• [Available data]
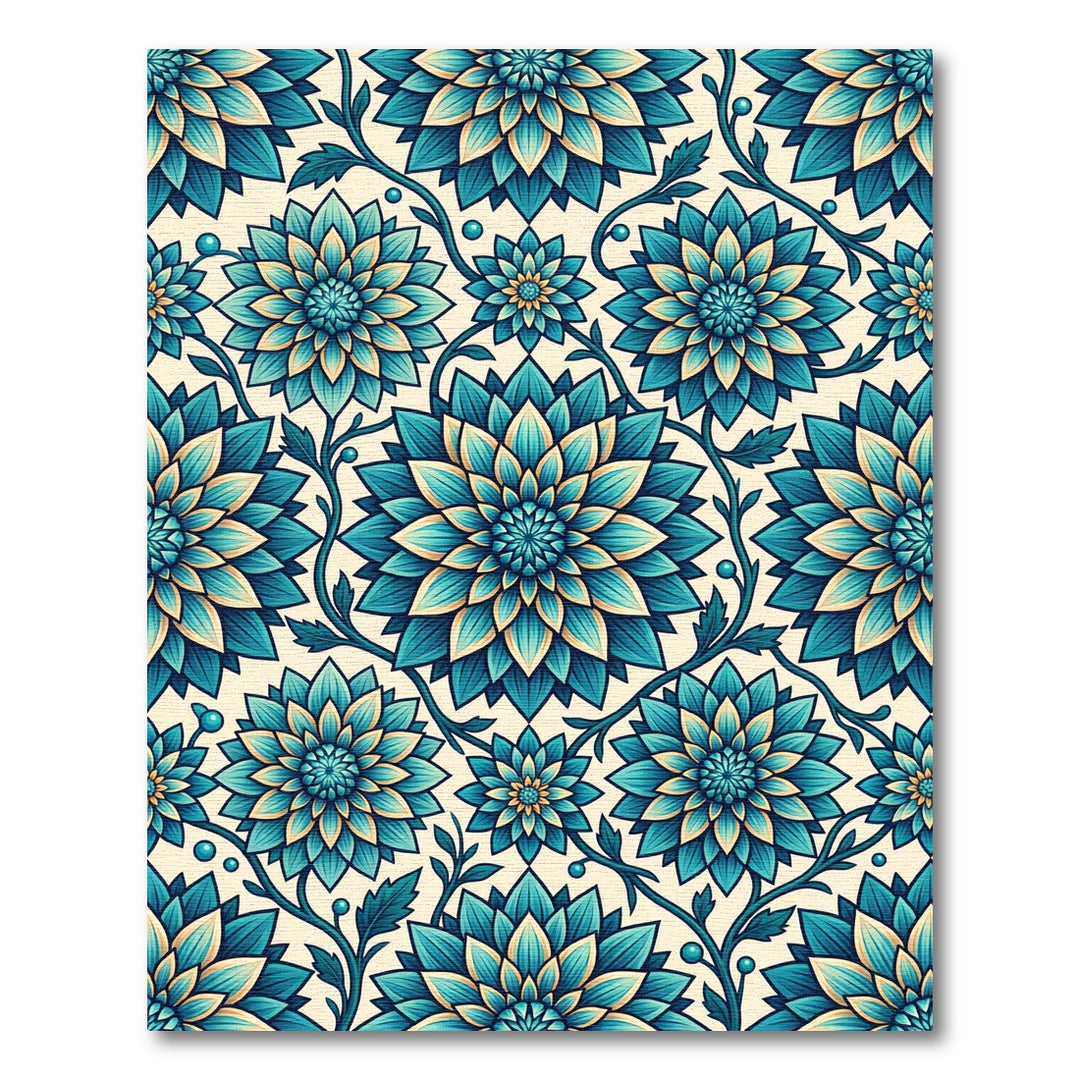 Teal and Cream Dahlia Floral Rug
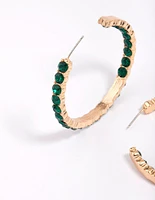 Gold Emerald Stone Hoop Earrings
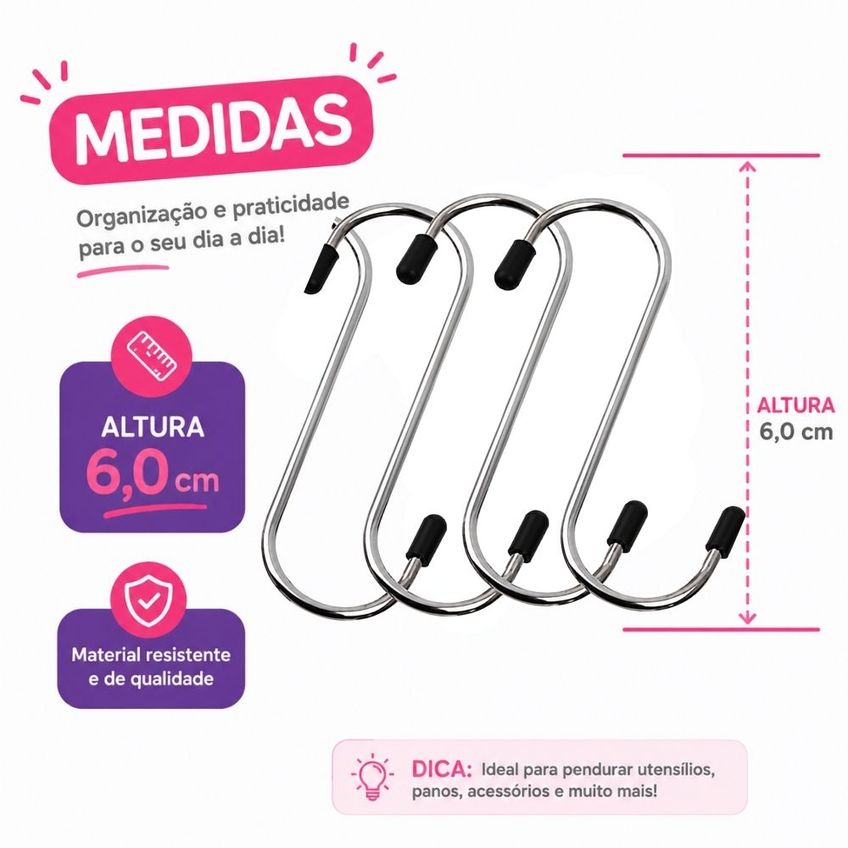 Kit Com 4 Ganchos De Metal Tipo S Multiuso Para Organização - imagem 3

• [Your instructions] Everything in the data except the pictures must appear in your answer unchanged.

• [Your response]
 Teal and Cream Dahlia Floral Rug
 Gold Emerald Stone Hoop Earrings
 Kit Com 4 Ganchos De Metal Tipo S Multiuso Para Organização - imagem 3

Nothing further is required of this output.